Recorded information:
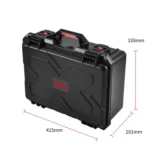 STARTRC Waterproof PP Suitcase Storage Box for Canon / Fujifilm / Nikon 1 Camera 2 Lenses - Image 4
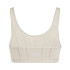 Sutiã esportivo adidas Mulher All Me Essentials Suporte Médio Bege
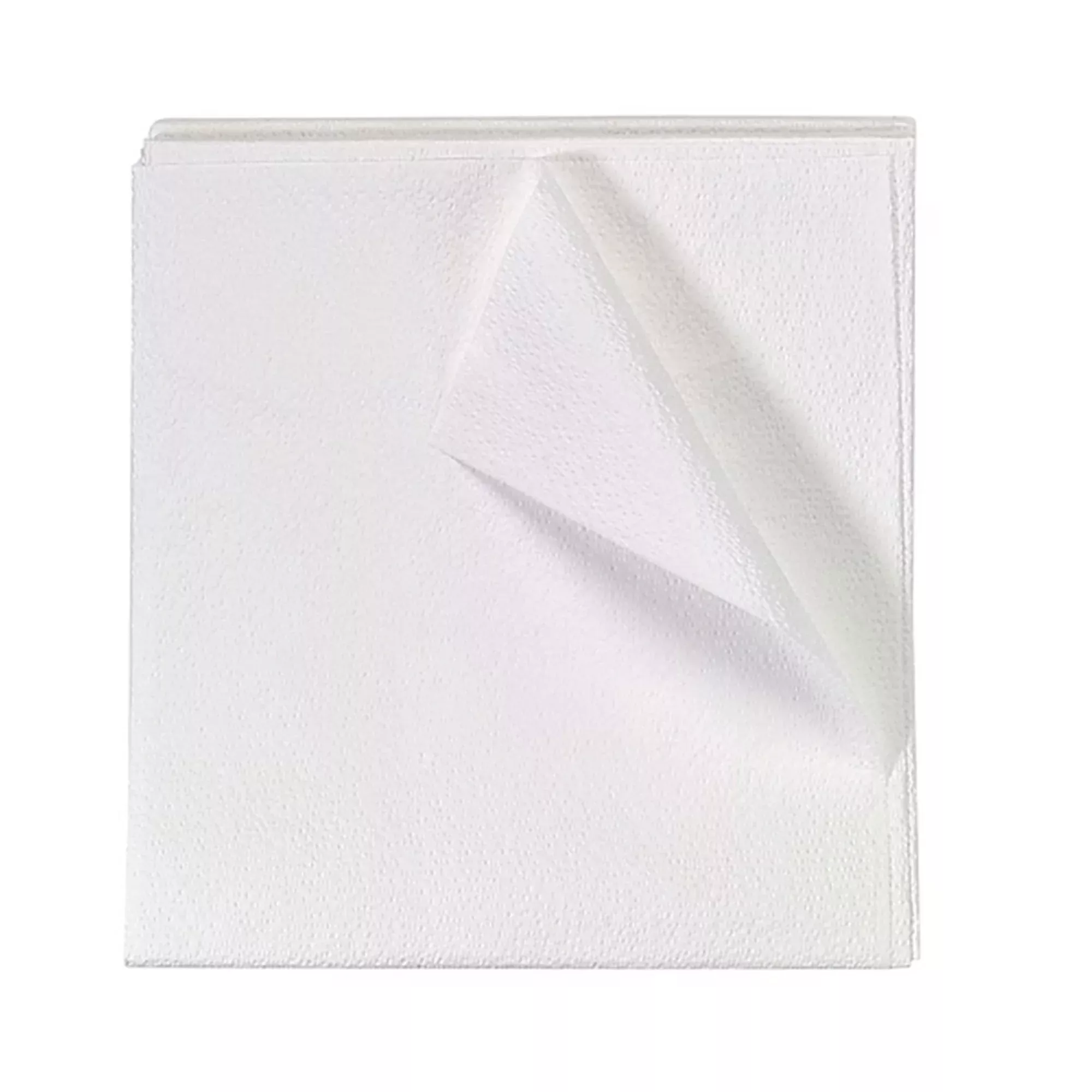 Graham Medical White Flat Stretcher Sheet, 40 x 72 Inch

What to do:
Give back the entire listing verbatim, without the pictures.

Your response:
 STARTRC Waterproof PP Suitcase Storage Box for Canon / Fujifilm / Nikon 1 Camera 2 Lenses - Image 4
 Sutiã esportivo adidas Mulher All Me Essentials Suporte Médio Bege
 Graham Medical White Flat Stretcher Sheet, 40 x 72 Inch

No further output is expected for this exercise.